Information to distributors
In order to comply with the product governance requirements contained in: (a) Directive 2014/65/EU of the European Parliament and of the Council on markets in financial instruments, as consolidated ("MiFID II"); (b) Articles 9 and 10 of Commission Delegated Directive (EU) 2017/593, which supplements MiFID II; and (c) national implementing measures (together, the "MiFID II Product Governance Requirements"), and to disclaim any extra-contractual, intra-contractual or other liability to which any "manufacturer" (within the meaning of the MiFID II Product Governance Requirements) may otherwise be subject, the shares of Emilshus have been subject to a product approval process, which has determined that these shares are: (i) suitable for a target market consisting of retail investors and investors meeting the criteria of professional clients and eligible counterparties, as defined in MiFID II (the "Positive Target Market"); and (ii) suitable for distribution through all distribution channels permitted under MiFID II. Distributors should note that: the price of the Emilshus shares may fall and investors may lose all or part of their investment; the Emilshus shares are not subject to any guarantee of return or capital protection; and an investment in the Emilshus shares is only suitable for investors who are not in need of a guaranteed return or capital protection and who (alone or with the assistance of an appropriate financial or other adviser) are capable of evaluating the merits and risks of such investment and have sufficient resources to bear the losses that may result from such investment.

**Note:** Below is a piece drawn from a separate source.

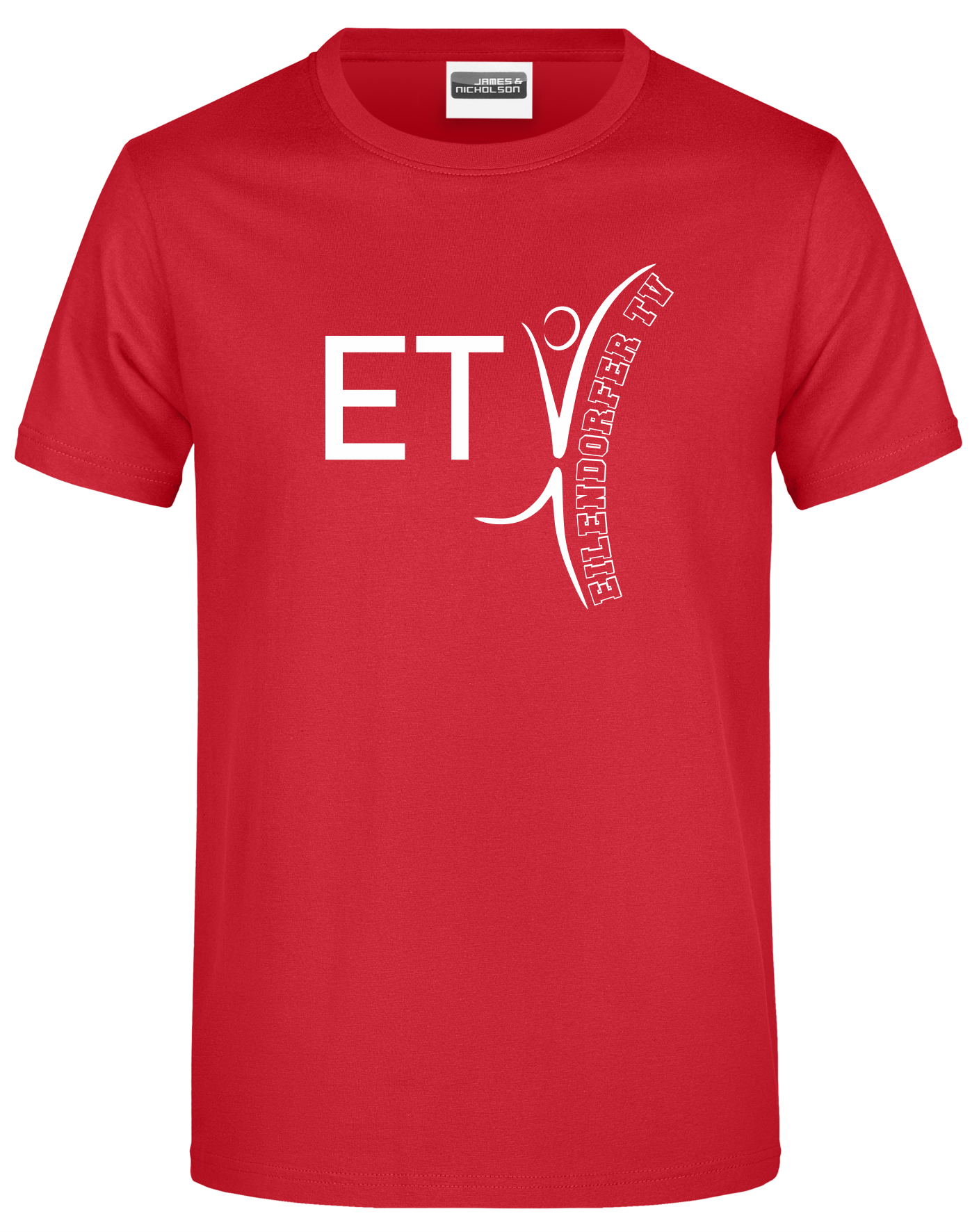  Artikelbild 1 des Artikels “Eilendorfer TV HERREN T-Shirt 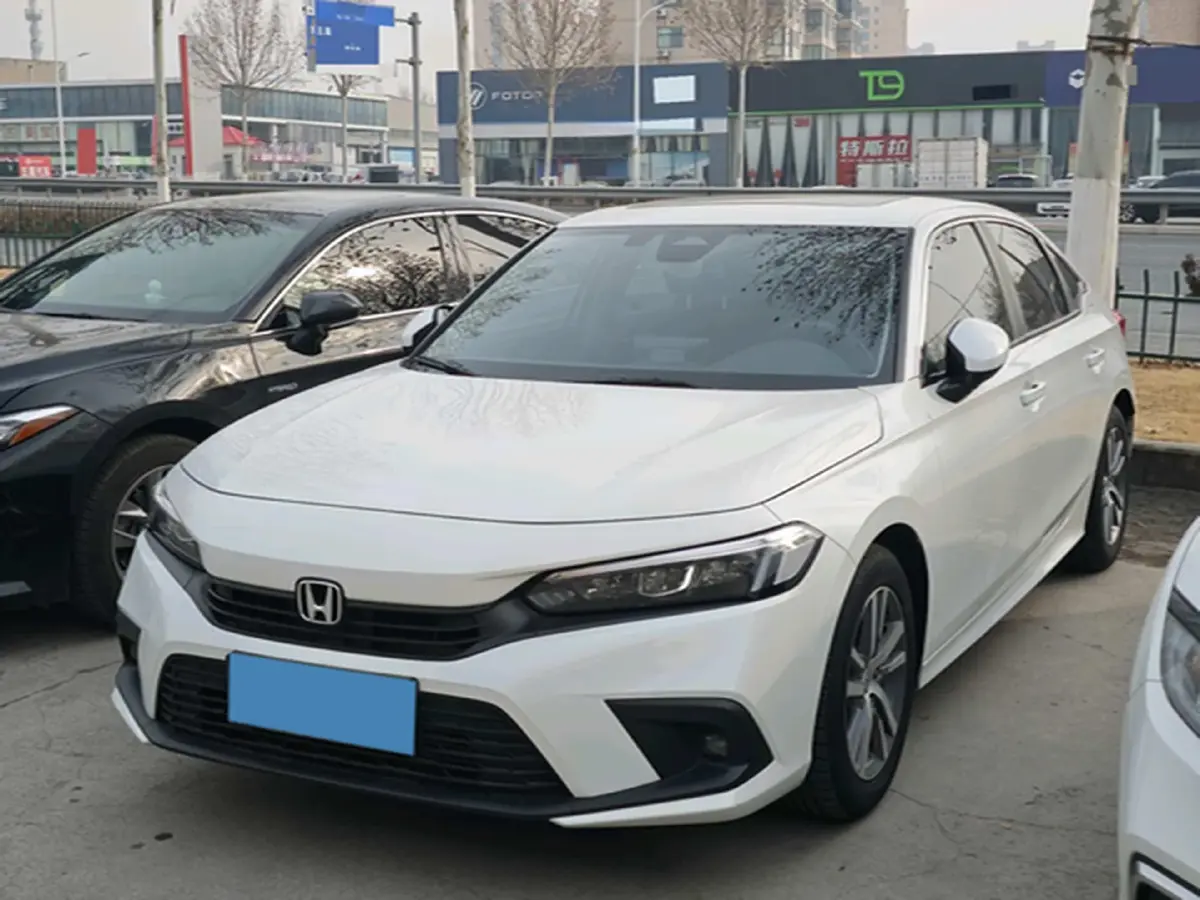 2022 Honda Civic 1.5T 182HP L4 CVT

Conversely, an investment in the shares of Emilshus is not suitable for investors who need full capital protection or full repayment of the amount invested, cannot bear any risk or require a guaranteed or predictable return (the "Negative Target Market", and together with the Positive Target Market, the "Target Market"). The Target Market assessment is without prejudice to any other requirements regarding contractual, legal or regulatory sales restrictions in relation to the Share Issue.

For the avoidance of doubt, the Target Market Assessment does not constitute: (a) an assessment of suitability or appropriateness for the purposes of MiFID II; or (b) a recommendation to any investor or group of investors to invest in, purchase or take any other action whatsoever with respect to the shares in Emilshus.

Each distributor is responsible for undertaking its own target market assessment in respect of the shares in Emilshus and determining appropriate distribution channels.

Information pursuant to the Screening of Foreign Direct Investments Act (2023:560)
Emilshus has assessed that the Company currently conducts activities that are subject to protection pursuant to the Screening of Foreign Direct Investments Act (2023:560) (Sw. lag (2023:560) om granskning av utländska direktinvesteringar), which means that certain investments in the Company require notification to and review by the Swedish Inspectorate for Strategic Products. Investors should take into account the requirements for such notification and review in connection with any participation in the Share Issue. For more information, please visit the Swedish Inspectorate for Strategic Products' website, www.isp.se, or contact the Company.

This information is information that Emilshus is obliged to make public pursuant to the EU Market Abuse Regulation. The information was submitted for publication, through the agency of the contact persons set out above, at 2026-06-09 23:15 CEST.